Le dessin en soi est une alter-idée… même si on a dit que « le dessin est ce qui art
dans l’art » – et donc est partout. Et pourquoi architecture, ville vernaculaires et
dessin ?
Selon Jean Luc Nancy le dessin est la recherche de la vérité du paraître de l’objet.
Pour l’approcher (jamais l’atteindre évidemment), le dessinateur doit se laisser
investir par cet « apparaître ». S’il n’est pas touché par ce qu’il voit, son dessin ne
touchera personne.
Et qu’est-ce qui peut toucher le poète-dessinateur, quand il contemple
l’architecture, la ville ? Dans une optique très vaste, c’est tout ce qui renvoie à la
vie, à la condition de l’homme. Pourquoi le vieux massif montagneux aussi nous
touche, ou le cours d’eau, le vieux pont, la rue ancestrale ou encore une main
calleuse sur un établis ? Ils sont le cadre, l’environnement de l’homme depuis
longtemps.
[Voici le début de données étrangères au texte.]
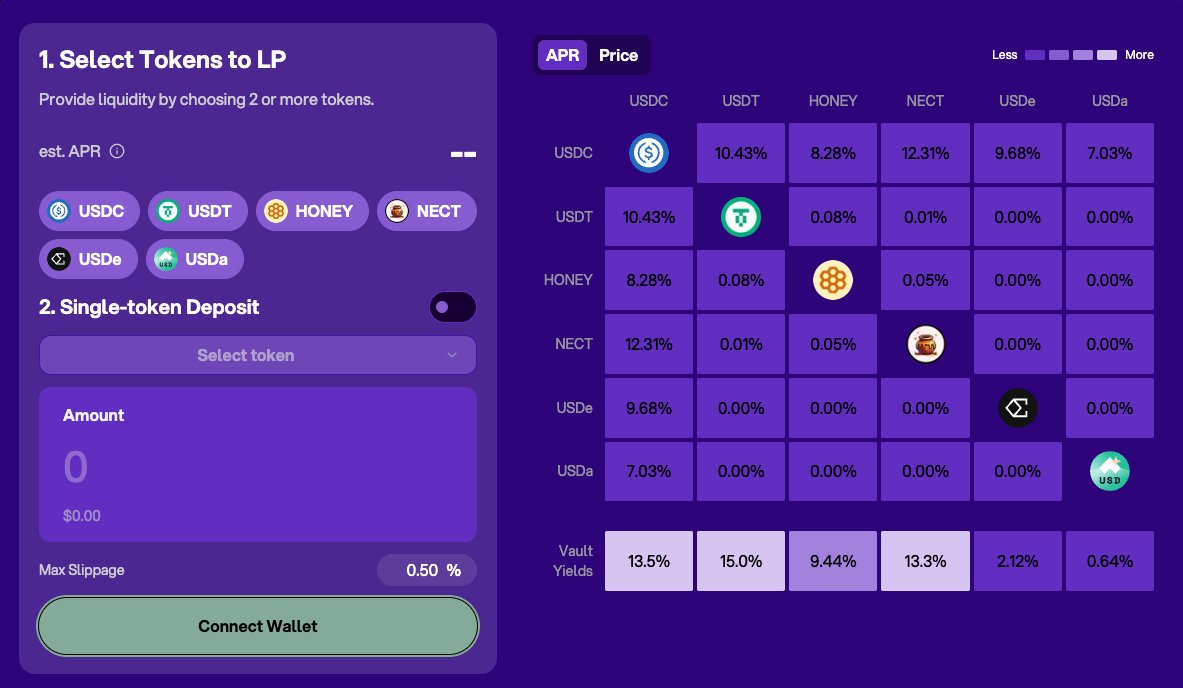 🌊 Introducing, the Omni-Pool

Burve Omni-Pools allow users to deposit into pools of up to 16 assets, choosing which routes through the pool they would like to provide liquidity for.

Big fan of NECT but think USDT looks a bit dodgy? Don't select USDT when depositing and you...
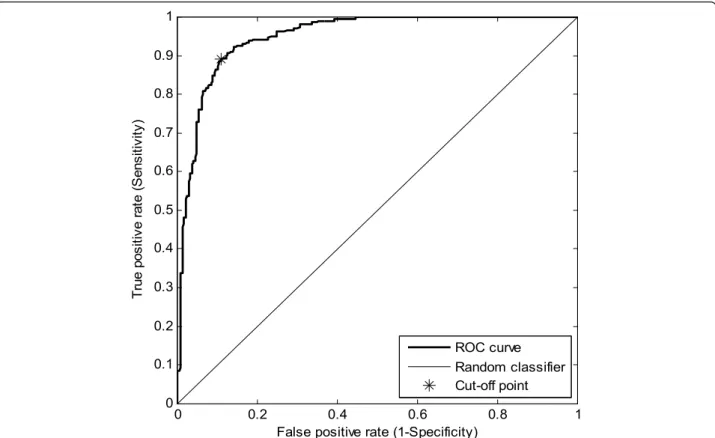 Figure 5 ROC curve. Receiver operating characteristic curve (ROC) for CAT3. The curve represents the average of 10 different experiments of the 10- 10-fold cross validation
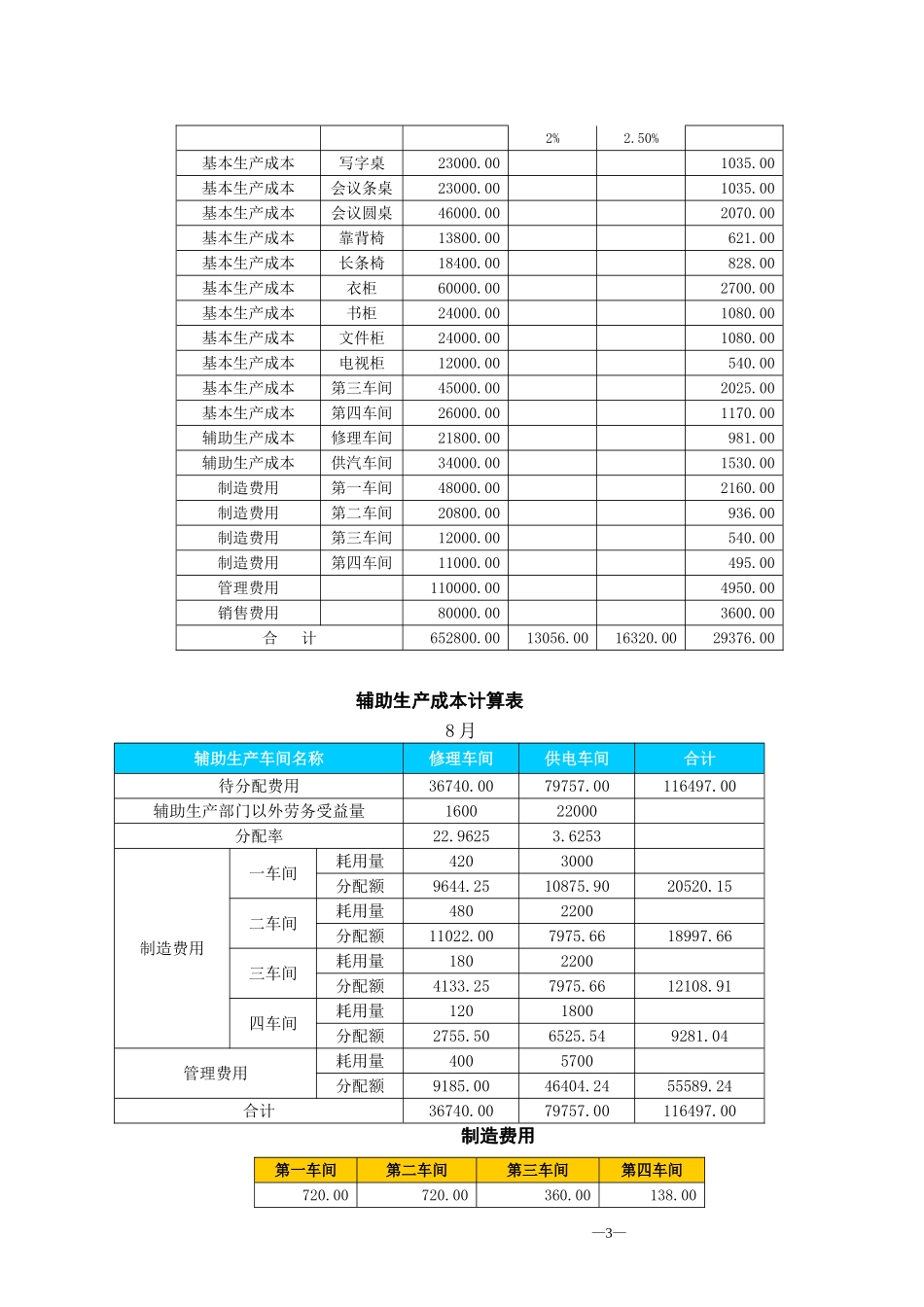 成本会计实训答案.doc_第3页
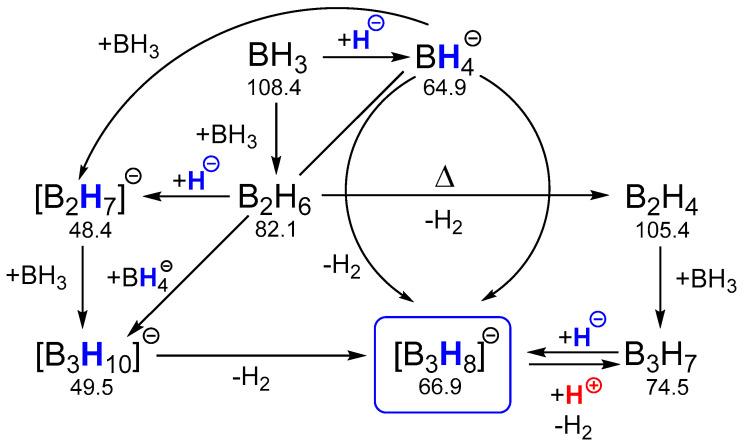 https://cdn.ncbi.nlm.nih.gov/pmc/blobs/4b23/7357072/82165f312f6d/molecules-25-02920-sch006.jpg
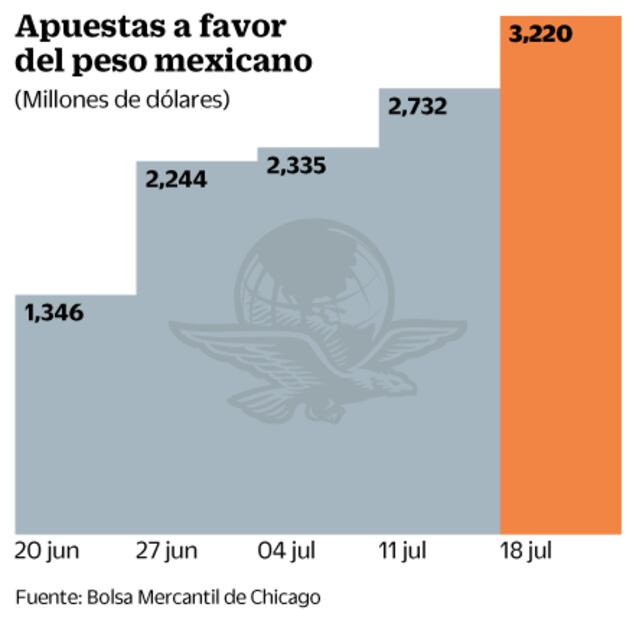Inversionistas, atentos al reporte del consumo interno en México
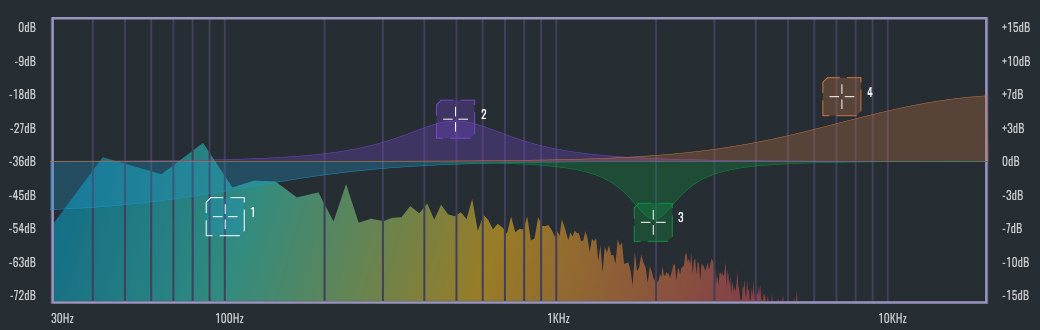 This image shows the Equalizer and Analyzer in the audio waveform window.
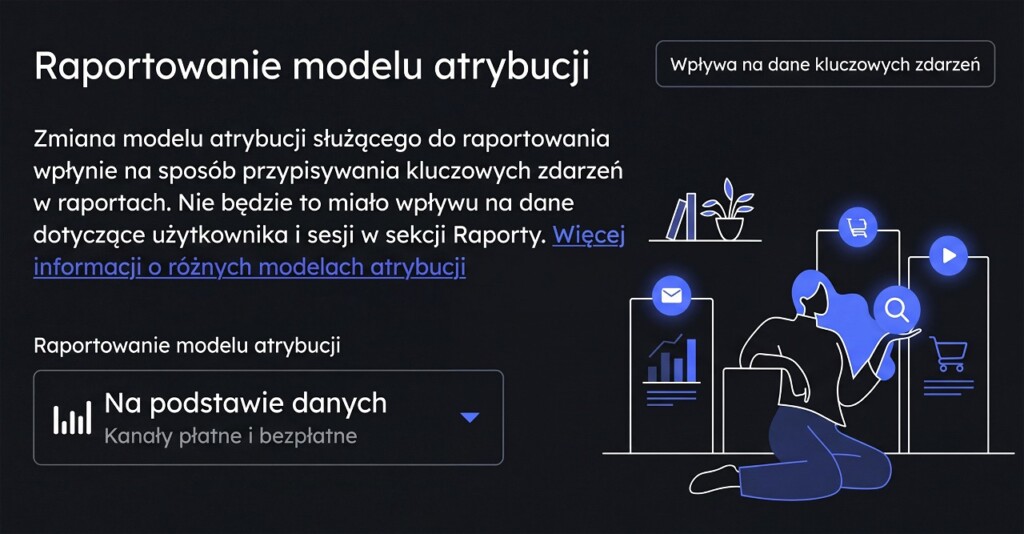 Konfiguracja GA4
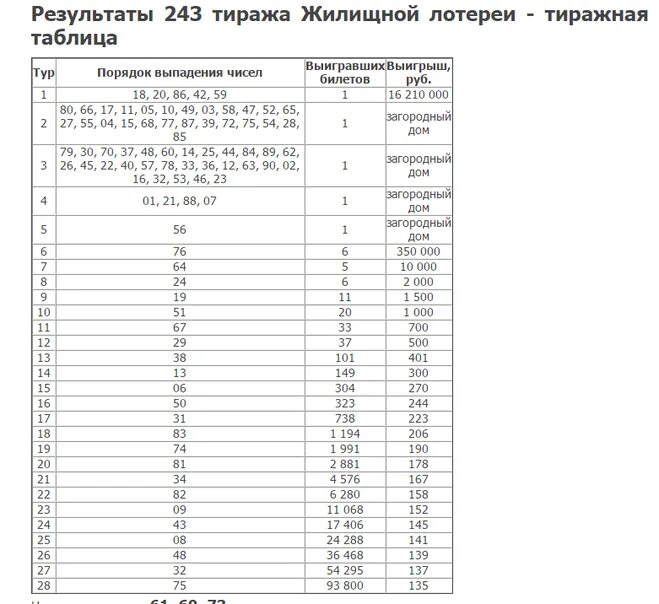 Проверить русское лото по номеру телефона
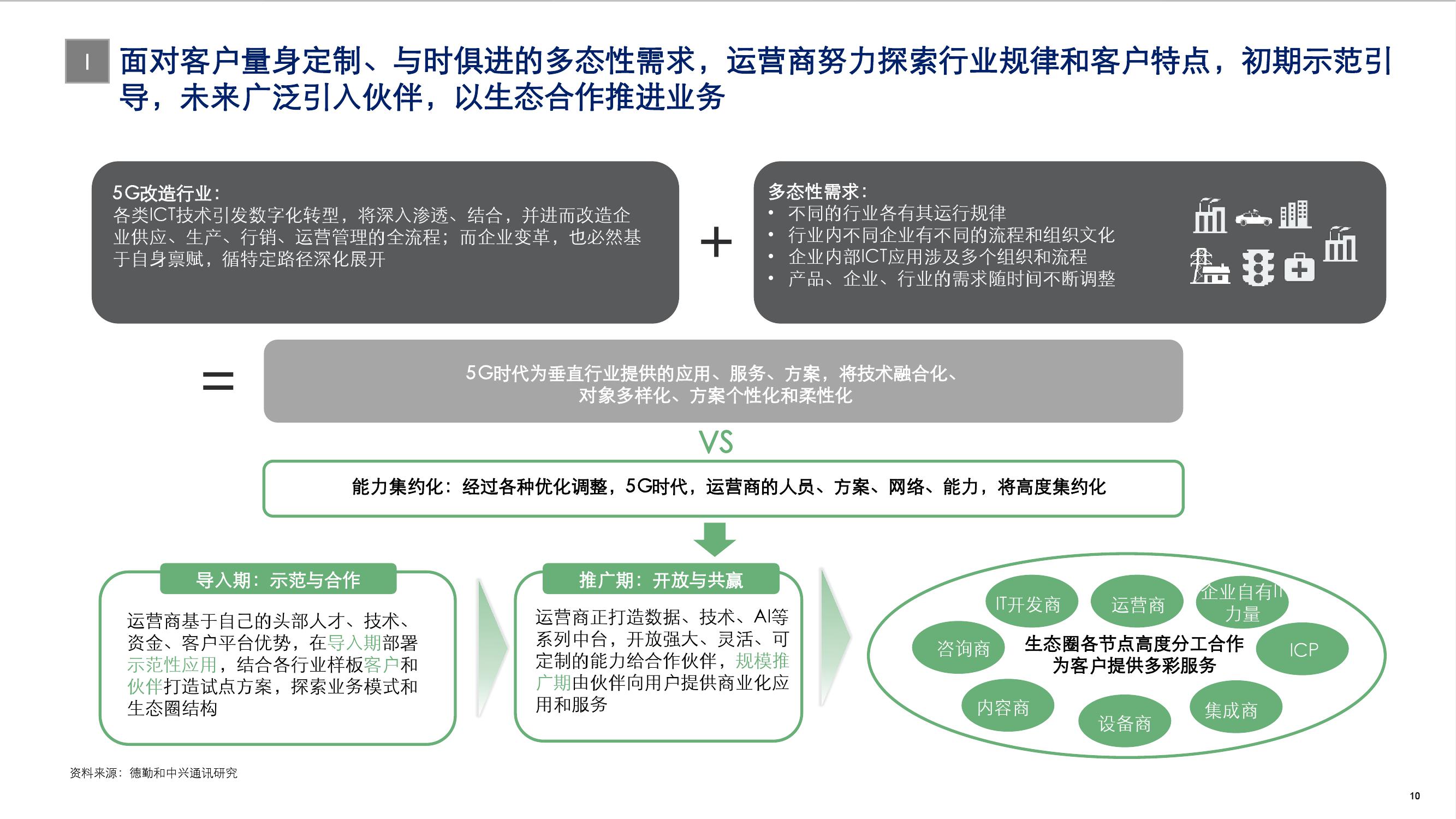 2036年管家婆精准资料大全，免费资源与未来趋势的探索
C’est cela que je vois par exemple devant les bateaux rangés dans le
port de Honfleur. La durée, l’histoire concentrées dans une vue : ce vieux port,
la rade devenue bassin rectangulaire, les quais, les habitation alignées autour, ces
charpentes comme des coques de vieux bateaux renversées…
C’est aussi une durée qui fait du dessin une approche vernaculaire. Quand je
dessine, je poursuis cette nécessité et ce plaisir des hommes des cavernes, il y a
plus de 20 000 ans. Mes gènes le savent.
Et pourquoi le dessin serait-il « alter-idée » ? Parce qu’il est dans le temps de
l’observation, du ressentir, et il n’affirme pas un sujet (un auteur, un artiste), il est
le médium presque transparent, entre l’objet (cette femme qui boit dans le dessin
de Watteau par exemple et celui qui contemple le dessin : Watteau n’est plus, la
femme est là).
Ce dessin, c’est la représentation où le lieu, l’objet est acteur. Ce que j’aimerai que
l’on voit ici, c’est le Port de Honfleur.